State education officials have asked Duval County Public Schools to investigate test documents with "extremely unusual levels of erasures" at one school.
The Florida Department of Education recently sent the notification to 14 districts about results on the spring Florida Comprehensive Assessment Test. Duval and Flagler are the only districts in Northeast Florida to get the memo.
Full article here.
This diary was inspired by Laura Clawson, who penned about teachers cheating on standardized test scores in schools, and it hit very close to home for me. You see, Ms. D - being a teacher in an urban school environment - and I met while volunteering with my company's science enrichment program. She is directly affected by standardized testing, such as the FCATs.
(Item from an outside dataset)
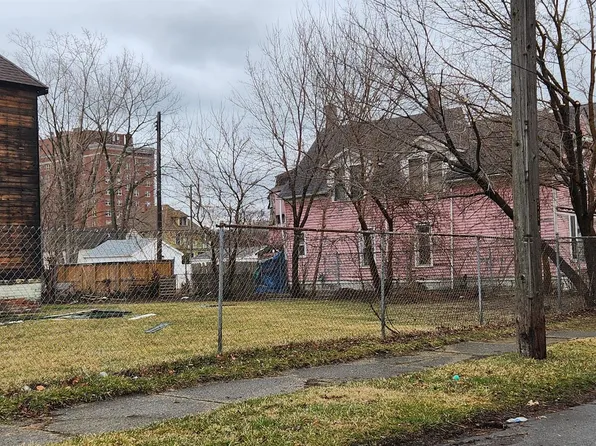 7906 Saint Paul St, Detroit, MI 48214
At the end of this school year, she was fretting - at least in my perception of everything - her students' test scores. As I understand it, fifth grade is the first time science is tested in schools, and many schools elect not to teach science until fifth grade, so that they can instead focus teaching on areas that are tested.
Want to guess what Ms. D teaches? Well, taught.
See, the scoring goes from "1," meaning deficient, to "5," meaning proficient. A "3" is considered satisfactory. The highest score in her class? 3. And I can assure you, it's not from a lack of anything on Ms. D's behalf. This isn't me being biased. Her and her fifth grade co-teachers are all smart, engaging ladies.
As it turns out, due to the low scores, she and one of the other fifth grade co-teachers are being shuffled around, and will now be teaching different grade levels. Basically, one could view this as punishment for her students having low scores. Part of the hassles of working in an urban school environment, which is something Ms. D chooses to do.
The part that really bugs me is that by being honest, by teaching the students good material and trying to be a good teacher, when her students don't do so well, she and her coworkers get punished. Yet, if not for the visibility of cheating in school systems across the US, many of the teachers that cheat may never have been caught, their students passed to the next grade on higher scores, and in many cases, those teachers would be rewarded for their students' higher scores.
As the saying goes: no good deed goes unpunished.